The King's Apartments are part of the emblematic route of the Palace of Versailles. Composed of the Great King's Apartment, the Great Gallery and the King's Apartment, they are unavoidable during a visit of the National Estate of Versailles.
The State Apartments are divided into three main parts. Each of the parts and pieces that compose them had a very specific role to play in the royal representation.
Under Louis XIV, the daily life of kings becomes a perpetual representation. There was no longer room for the unexpected, every minute and gesture of the king were governed by the Etiquette. The Château de Versailles becomes the theater of this staging. For that, it was created for the king of the apartments of state in enfilade that one calls Great flat of the king. It consists of seven rooms, each bearing the name of a Roman deity. Sumptuously decorated, the iconography of these salons represents the chosen deity. During the day, these salons were accessible by everyone. They were also used during the "apartment evenings" offered to courtiers. They usually took place three times a week.
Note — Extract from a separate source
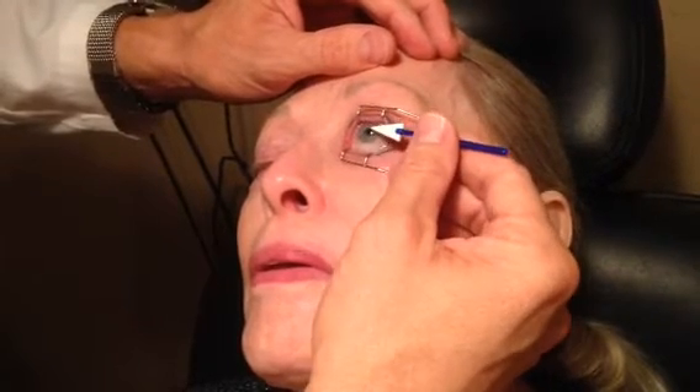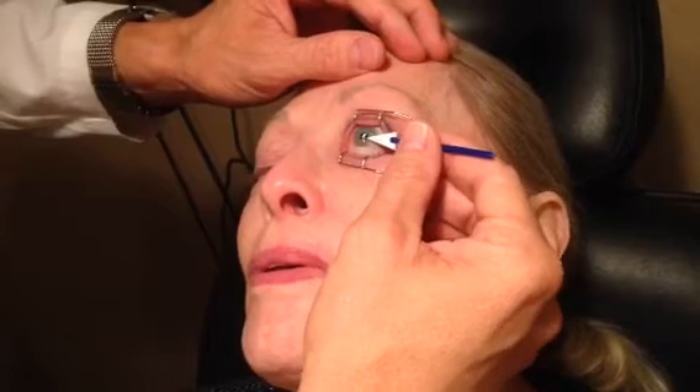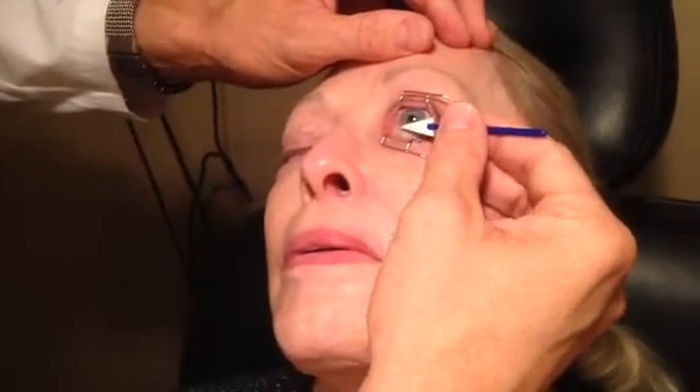Beautiful job. I'm going to dry around with it a little bit more. Super. Right there is where we want it to heal up. Moving right along. You're doing great.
This Grand Apartment experienced its completion during the construction of the Great Gallery consisting of the War Room, the Hall of Mirrors and the Peace Salon.
The Hall of Mirrors gives access to the last set of rooms that make up the State Apartments, this is the King's Apartment. Once past the anteroom of the Bull's Eye, you can access a new series of rooms whose usefulness follows again, a well-defined scheme: a guard room, two antechambers, the room and a firm. Access to these parts was therefore hierarchical and regulated by the label.